If you're a well-adjusted human being like me, you're probably aware of the fact that "The Devil Wears Prada" is a cinematic masterpiece. If you aren't a well-adjusted human being or if you're an alien who recently landed on Earth, let me give you some background: "The Devil Wears Prada" is a comedy film starring Anne Hathaway, Meryl Streep, and Emily Blunt. It tells the story of Andrea "Andy" Sachs (Hathaway), a recent college graduate who lands a job at Runway (A parody of "Vogue" magazine) as the assistant to a tyrannical Editor-In-Chief known as Miranda Priestly (Streep).
Since it's release in 2006, it has become a cult classic for its endlessly quotable lines and lasting impact upon pop culture. It has also inspired numerous think pieces and critical analyses that delve deep into the characterization of characters.
Lately, many academics, film critics, and fans of the film have come to the realization that Andy's friends and boyfriend were complete and utter garbage.

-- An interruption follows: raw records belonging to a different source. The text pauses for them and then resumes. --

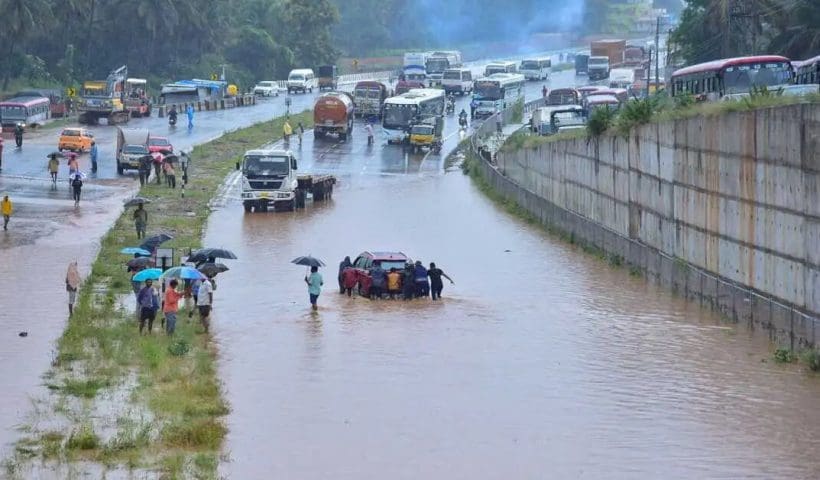 heavy rainfall at bengaluru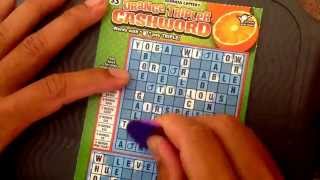 Orange tripler cashword187 buck Georgia lotterypt 4 [upl. by Harness]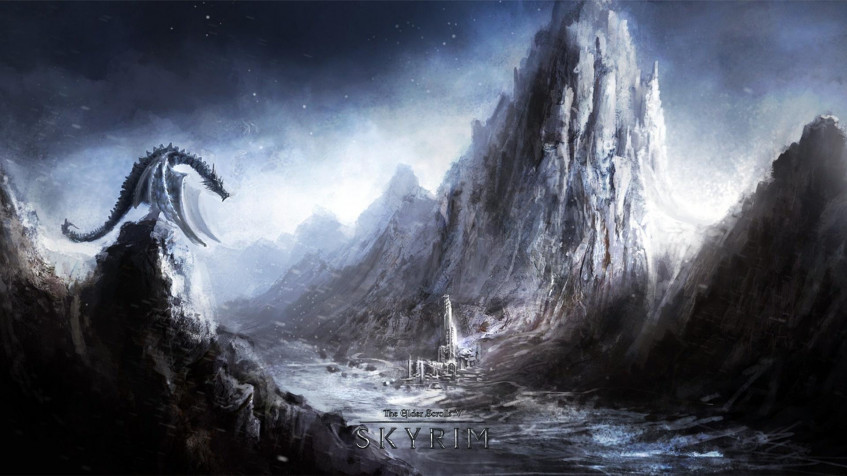 Skyrim Full HD 1080p Wallpaper 1920x1080px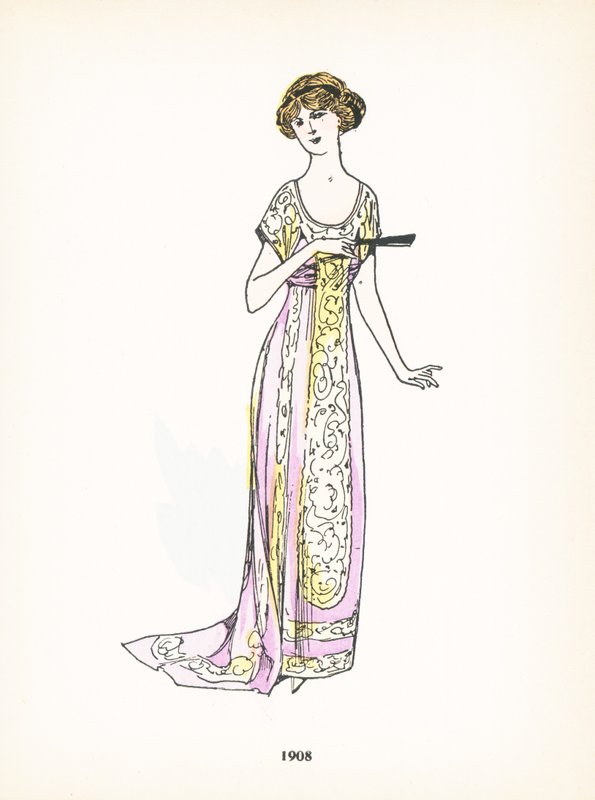 女士时装，1908年 作者 法语学校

Throughout the film, we see Andy struggle to keep her work-life and personal life in balance with another. However, due to Miranda's demands, Andy's personal life begins to crumble under the weight of her career commitments. Rather than being understanding, her friends (and boyfriend) choose to complain about her having a job that is more demanding than there's. Also, I should mention that Andy does make an effort to keep up with them, but again, work keeps getting in the way. They also criticize the fact that she changed her (frumpy) style and became more sleek, elegant, and polished. This makes them feel very immature, childish, and still stuck in the mindset of college. They refuse to allow Andy to change and grow because it will upset the comfortable fabric of their friend group.
The scriptwriter, Aline Brosh McKenna, also realizes that Andy's friends and her boyfriend Nate aren't the best people to be in a relationship with. However, their purpose in the story is to be Andy's tether to her morality. They point out that the changes she has made are negatively affecting their relationship with her. Yet, the point still stands: they should've been more supportive of her and her career choices. Yes, it sucks when you lose your friends to adulthood but you should still be happy and supportive of them.
Can you call them out on their bullshit still? yes, you can. But don't act like you're their priority in life.
I'm not saying that Miranda is no better but at least her friends could've made the realization that they're growing up, that Andy herself is growing up and becoming more confident in herself. In its own way, this is the most realistic part of "The Devil Wears Prada."